Effect of Fe doping on electronic transport and raman scattering properties of (110) PrBa2Cu3O7 thin film

In this study, the electronic transport and Raman spectroscopic properties of Fe-doped (110) PrBa2Cu3O7 (PBCFO) epitaxial thin films were systematically investigated. The thin films were deposited on (110) LAO single crystal substrates using pulsed laser deposition (PLD) technique with KrF excimer laser of energy density equivalent to 1.0 J cm(-2). The Electrical resistivity of the (110) PBCFO thin film increased by a factor of 47 at 77 K and the electronic transport on these films was via Mott's three-dimensional variable range hopping mechanism among the localized electronic states.

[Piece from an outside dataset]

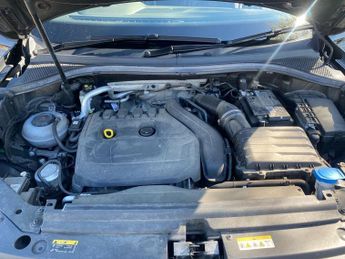 VOLKSWAGEN TIGUAN 1.5 Tsi R-Line Suv 5Dr Petrol Dsg Euro 6 (S/S) (150 Ps)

The activation energies of the (110) PBCFO thin films were calculated to be 160 meV at 300 K and 70 meV at 77 K respectively, suggesting that the hopping was mainly thermally assisted. The Raman spectroscopy measurement revealed a Raman mode at similar to 600 cm(-1) indicating the substitution of Cu by Fe at the Cu-O chain site of the PrBa2Cu3O7 (PBCO). The partial substitution of the Cu by the Fe induced disorder and localization of the charge carriers at the Cu-O chain sites, thereby increasing the electrical resistivity of the (110) PBCO thin film.